In the most powerful moment of Matthew Akers' Marina Abramovic: The Artist Is Present, a kid walks away from a sitting with performance artist Marina Abramovic and looks traumatized. Frightened, his mother asks, "What's wrong!?" and when she realizes he just had a transformative experience, she begins to cry. It's pride she's showing, and it scares her son out of his momentary, possibly transcendental stupor. Should he have been protected from all that? Is that a reasonable question?

On the list of credible professions, "performance artist" ranks just beneath "ponzi schemer" and "tent revival minister," and that's part of director Matthew Akers' agenda bringing the work of Marina Abramovic to screen.
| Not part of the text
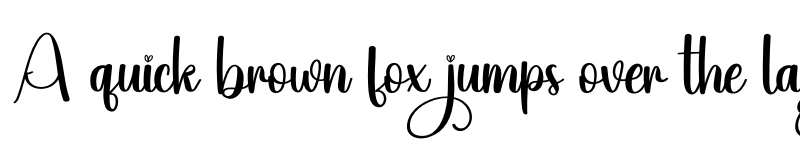 Preview of Getout Regular font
As part of a massive retrospective launched by the Museum of Modern Art in New York City in 2011, Abramovic hired a few dozen up-and-coming artists to act as surrogates of her in restagings of her previous works so she could be in the centerpiece-"The Artist Is Present." As if she's absorbing and denouncing suggestions of her own fraudulence, Abramovic sat in the MOMA space to lead guests in something as much a mystery to her as to onlookers.
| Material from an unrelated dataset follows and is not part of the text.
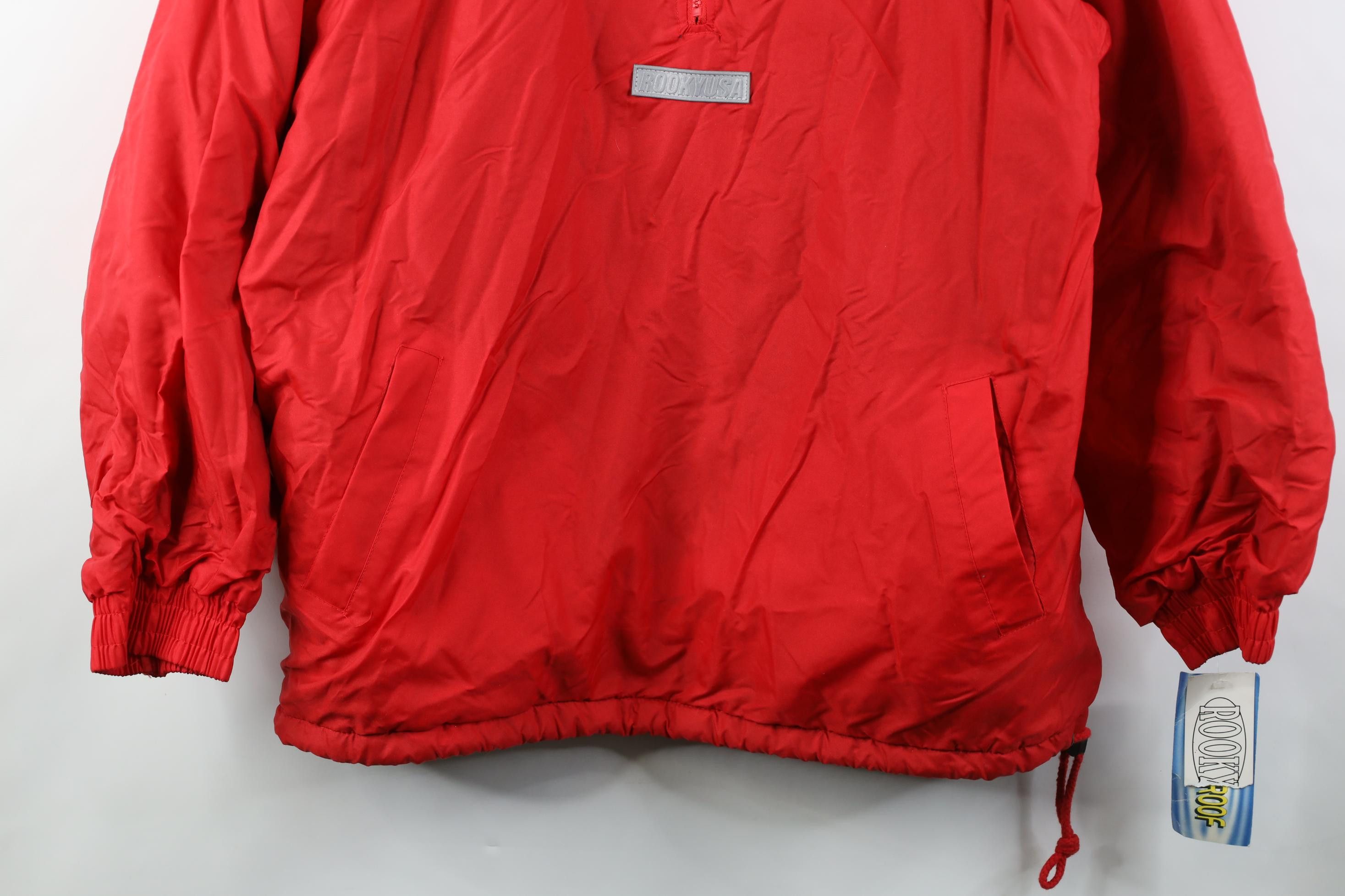 Vintage Deadstock Vintage 90s Streetwear Reversible Jacket Size US XL / EU 56 / 4 - 3 Thumbnail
How do you represent that? Matthew Akers suggests, maybe you don't need to represent it-maybe getting at truth means approximating it.

 

A woman with long dark hair, wearing a long sleeve, floor length navy dress, sits in a chair at a table staring at a man sitting in a chair holding a camera
Matthew Akers filming Marina Abramovic for Marina Abramovic: The Artist Is Present. Photo: David Smoler/Courtesy of HBO

Documentary: How did you strike a balance between capturing the moment and representing it?

Matthew Akers: I was concerned with representation but only insomuch as it got to some core truth about what we experienced. Performance art is ephemeral. We couldn't just tape it. We had to create an artifice--a subjective one--with editing, sound design and music, and the goal was to give people an experience like being the room. The truth is, the power of any performance comes from witnessing it first hand. We didn't hope to achieve that, but we did want to get some semblance of it.

 

D: The film's most powerful moment happens when a boy leaves the installation looking overwhelmed, and his mother is proud of him for rising to that occasion. What we sense is reaction--that's our way in.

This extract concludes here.